View of the Worlds
Wednesday, December 5th, 2007 by admiralAs a stand up philosopher, I have something of an odd reading list. For instance, I just finished with “The Universe Next Door.” You will recognize that as an exploration of worldviews. Maybe you will get to it after you finish with the latest ‘Dick and Jane’ novel. Somebody really should write a series of Dick and Jane novels.
I noticed one problem with the book that I read, which is to say that I have not yet read the novels that I implied should be written by somebody else. James Sire seems to imply that the movement between major worldviews has been motivated by intelligence. That is something that I disagree with. In fact, I am so apt to disagree with the people whose works I read that I get tirades out of my reading list. All kidding aside, how many people do you know who can give an intellectual defense of their own worldview?

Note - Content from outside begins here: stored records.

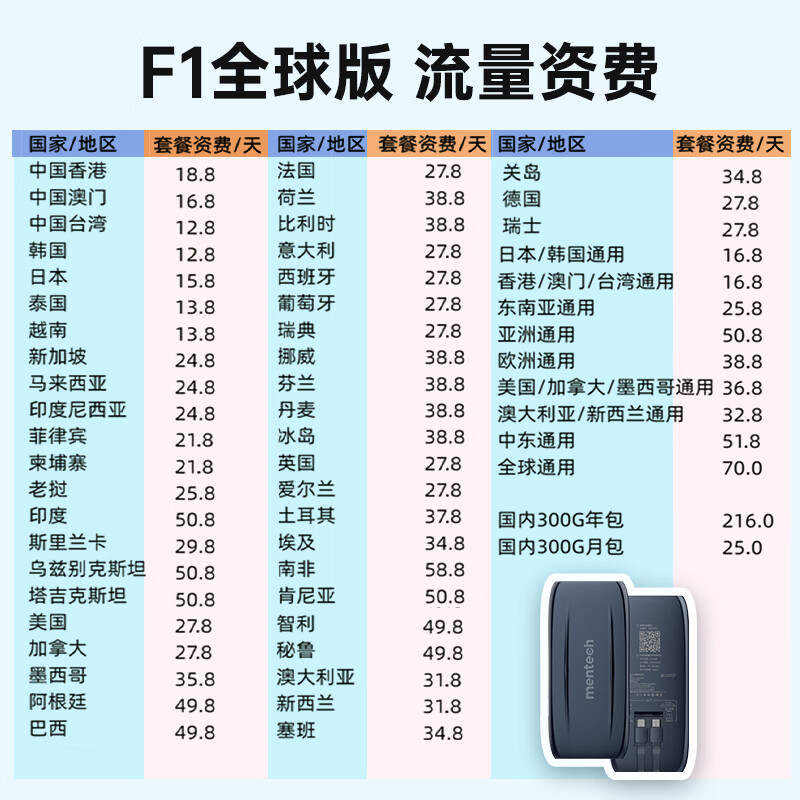 mentech美炭｜F1全球通用随身Wi-Fi 可插卡出国上网必备神器 10000毫安充电宝二合一 ｜含境内流量300G*1月【国家3C认证】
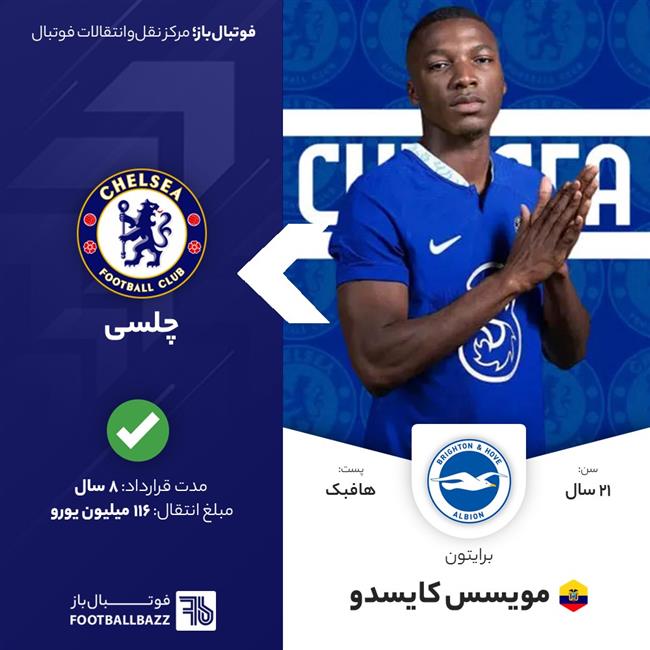  مویسس کایسدو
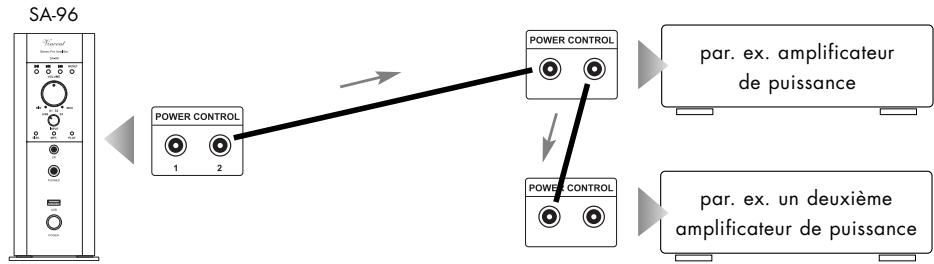 VINCENT SA-96 - Liaisons CABLES pour la commande de mise sous tension (POWER control) - 1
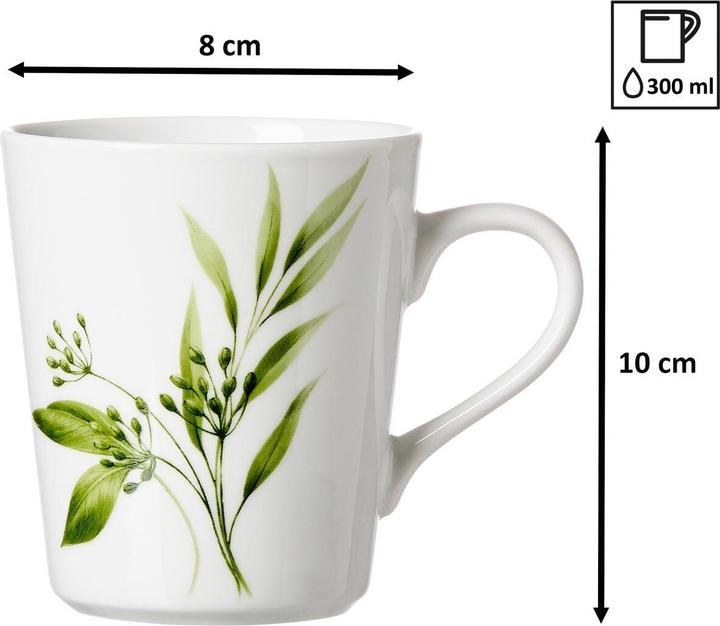Actual product image Ritzenhoff & Breker Evora (300 ml, 6x)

Most people live in very small worlds. They do not understand the technology, theology or the intellectual current that drives the world in which they live. If you could devote yourself to gaining a complete understanding of these things, then you would not have time to do anything else in your life. Worldview is something that we assimilate from the world around us. Maybe I should write that worldview assimilates us.
We receive a theological education, an education in the foundations of the worldview that governs our age, seven days a week. Everything that we do and see is driven by subtle assertions of the prevailing worldview of the people who run our portals to the world around us. This is not to say that there is some massive conspiracy afoot. True believers tell us what they see and what they see is what their minds make of what their eyes tell them about. Everybody is religious.
Every event in our shared reality is a simple collection of cold facts. What we make of events, the why, how and who, is colored by what we see as the way of the world. Most people react to the world based upon assumptions that they never question. Worldviews tend to be emotional even when motivations are not. That is my problem with “The Universe Next Door.”